Despite its thriving appearance, it is evident to us scientists that this reef is on the brink of collapse. Coral reefs the world over are facing many anthropogenic pressures – from climate change to localised human impacts, such as overfishing, pollution and excessive coastal development – that affect the reefs’ complex processes in myriad ways.

To the untrained eye, these reefs may still appear beautiful – with their array of colours, textures and intricacies – but often, the vibrant organisms we see on these dives can overgrow and kill corals, colonising their skeletons. Inedible to the herbivorous fish, these invasive encrusting algae, zooanthids, sponges and other aggressive invertebrates proliferate across vulnerable and degraded reef ecosystems, smothering hundred-year-old corals in a matter of months, or even weeks.

As the reef-building corals and herbivorous fish grow scarce, the reef community becomes less diverse and is, therefore, thrown into a negative feedback loop: as coral larvae struggle to settle on algae-covered substrates, the coral population is unable to rejuvenate. This lack of coral then results in fewer habitats for fish and lower rates of herbivory on the reef, and creates a downward spiral that eventually leads to a breakdown in ecosystem structure and function.

Remarkably, coral reefs provide habitat for around a quarter of all marine organisms, yet they cover less than two percent of the ocean floor.
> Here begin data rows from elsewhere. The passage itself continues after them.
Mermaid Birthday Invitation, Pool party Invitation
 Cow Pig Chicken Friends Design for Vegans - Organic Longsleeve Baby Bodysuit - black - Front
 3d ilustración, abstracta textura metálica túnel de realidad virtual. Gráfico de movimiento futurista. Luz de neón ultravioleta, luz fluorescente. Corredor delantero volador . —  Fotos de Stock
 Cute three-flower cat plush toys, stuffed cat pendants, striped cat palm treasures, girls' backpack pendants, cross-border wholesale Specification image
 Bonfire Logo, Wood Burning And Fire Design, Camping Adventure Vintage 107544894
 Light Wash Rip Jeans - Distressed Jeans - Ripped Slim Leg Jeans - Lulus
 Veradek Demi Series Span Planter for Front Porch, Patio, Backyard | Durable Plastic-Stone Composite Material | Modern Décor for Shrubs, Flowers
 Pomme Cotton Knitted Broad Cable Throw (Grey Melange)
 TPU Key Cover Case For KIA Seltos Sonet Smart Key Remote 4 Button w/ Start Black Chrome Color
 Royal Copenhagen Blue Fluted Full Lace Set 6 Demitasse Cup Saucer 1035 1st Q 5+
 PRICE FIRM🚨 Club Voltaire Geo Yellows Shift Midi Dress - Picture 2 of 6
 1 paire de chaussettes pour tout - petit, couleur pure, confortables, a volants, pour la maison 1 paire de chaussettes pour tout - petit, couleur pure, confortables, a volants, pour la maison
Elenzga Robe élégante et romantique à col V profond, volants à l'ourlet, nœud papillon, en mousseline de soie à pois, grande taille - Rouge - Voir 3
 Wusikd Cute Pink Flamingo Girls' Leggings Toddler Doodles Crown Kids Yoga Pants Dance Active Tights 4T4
This disparity between the small space they occupy and having the greatest diversity of species of any ecosystem on earth – beyond that of tropical rainforests – makes them fascinating to study.

However, due to limited access and the non-existence of underwater photographic equipment until recent decades, coral reef science suffers from a severe lack of long-term data, as monitoring only really began after scientists noted a decline in the mid to later parts of the last century.

Whilst we know that we have lost an increasing amount of live coral cover since the 1970s when scuba diving became more accessible, there is little empirical data available before then. Because of this, we may be underestimating the true loss that has occurred on coral reefs, and, therefore, it is important for there to be long-term continuous monitoring to provide baselines for the future.

Many marine scientists spend their entire careers measuring the rates of death and decline on coral reefs. But thankfully, I am one of the lucky few involved in proactive conservation and direct intervention of reef ecosystems.

After graduating with a degree in Marine Biology 2013, I travelled to the Mexican Caribbean, where, as a trainee dive instructor diving four times a day, I noticed the rapid deterioration of coral colonies. The decline was, and still is, so drastic that after just a few months of diving at the same site, the damage to the reef structure and changes to coral colonies were clearly visible.

As a dive professional, I became motivated to investigate the threats to coral reefs and endeavoured to conduct research to find solutions.